Small Doubt

byte a = 3; //1
byte b = 4; //2
byte c = a + b; //3

Line 3 will give compilation error Because the compiler knows that the result may come as int.

My Question here is.
if i give literals instead of variable in the expressions like
byte c1 = 3 + 4; // No compilation error
byte c2 = 300 + 4; // compilation error
byte c3 = 126 + 1; // No Compilation error
byte c4 = 126 + 2; // Compilation error

Why it is like this? Does the compiler executes the expression?
I think execution of expression will happen at run time.

I am very new to java. Please clarify my doubt.

Originally posted by Vamsi Krishna Uppalapati:
byte a = 3; //1
byte b = 4; //2
byte c = a + b; //3

Line 3 will give compilation error Because the compiler knows that the result may come as int.

My Question here is.
if i give literals instead of variable in the expressions like
byte c1 = 3 + 4; // No compilation error
byte c2 = 300 + 4; // compilation error
byte c3 = 126 + 1; // No Compilation error
byte c4 = 126 + 2; // Compilation error

Why it is like this? Does the compiler executes the expression?
I think execution of expression will happen at run time.

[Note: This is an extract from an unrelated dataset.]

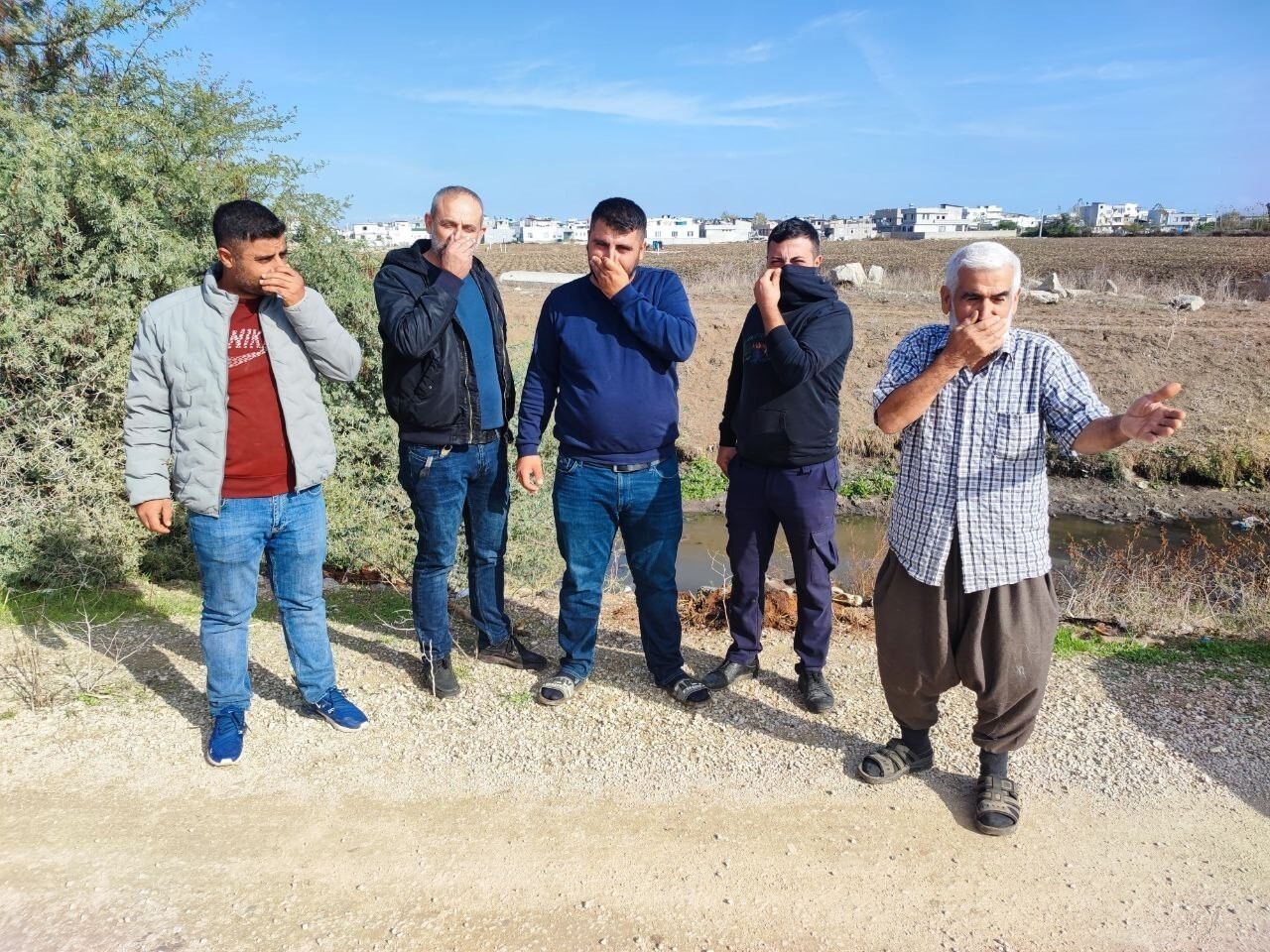 ADANA’NIN MERKEZ YÜREĞİR İLÇESİNDE, DERE YATAĞINA KİMLİĞİ BELİRSİZ KİŞİLER TARAFINDAN KESİLEN AT...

I am very new to java. Please clarify my doubt.

What you will say now....

You can easily understand the difference now.....

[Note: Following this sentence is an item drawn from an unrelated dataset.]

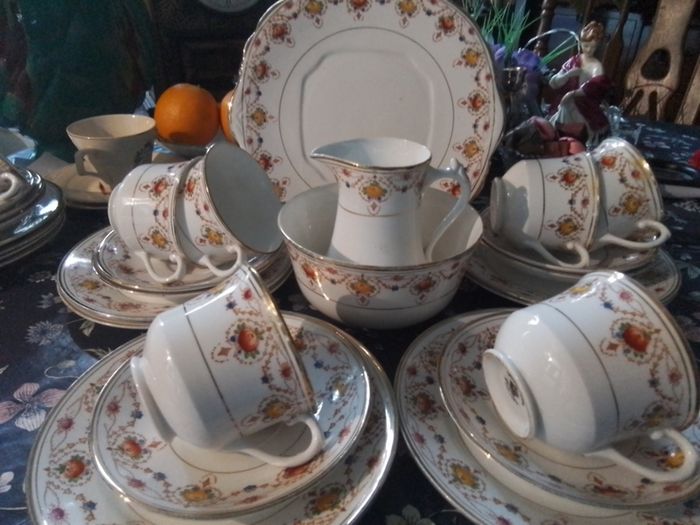 Rare Salisbury Bradley Teaset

Code speaks itself the difference..

[B]public class Sample { public static void main(String args[]) { final byte a = 4; final byte b = 3; byte c = a + b; System.out.println(" a: " + a + " b: " + b + " c: " + c); } }[/B]

See there is a lot of difference in a normal variable and a final Constant.

This may helps you a lot.

Originally posted by Vamsi Krishna Uppalapati:

Why it is like this? Does the compiler executes the expression?
I think execution of expression will happen at run time.

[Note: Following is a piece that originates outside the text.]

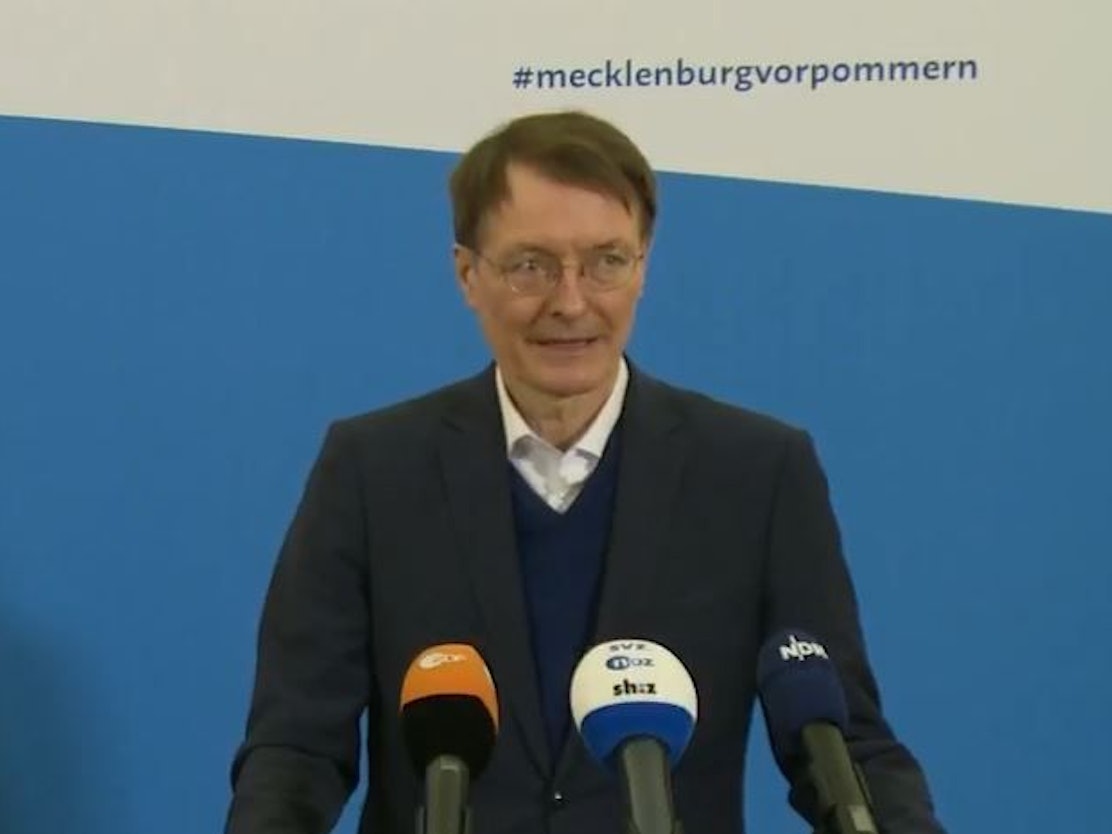 Karl Lauterbach wandte sich bei der Pressekonferenz in Schwerin mit eindringlichen Worten an die Bevölkerung.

Ofcourse this is runtime processing, but atleast compiler wants to ensure itself not to run in short of conversions.

Please correct me If I am wrong.

Vamsi Krishna Uppalapati (whose Member # 135497 is a prime) wrote:
Why it is like this? Does the compiler executes the expression?
I think execution of expression will happen at run time.



Yes, these integer literal calculations will be calculated at compile time.
Imagine integer (or double, float ...) literals as constants, they never change.
I mean, the literals never change, not the variables that hold them.
So the compiler checks, what comes out, and if it fits into the byte.

Also this will compile:
final int i=126, j=1;
byte b=i+j;

But only with the final modifier.



Yours,
Bu.

My question is why it is giving compilation error when we declare like
byte b = 100 + 200;
ant not giving compilation error when we declare like
byte b = 100 + 1;

Does the complier calculates the value on RHS?

Thanks hassel, it clears my doubt...

Originally posted by Vamsi Krishna Uppalapati:
My question is why it is giving compilation error when we declare like
byte b = 100 + 200;
ant not giving compilation error when we declare like
byte b = 100 + 1;

Does the complier calculates the value on RHS?

100, 1, and 200 are all compile-time constants, so the values of 100+200, and 100+1 can be computed at compile-time.

100+200 is an int that is too large to fit into a byte.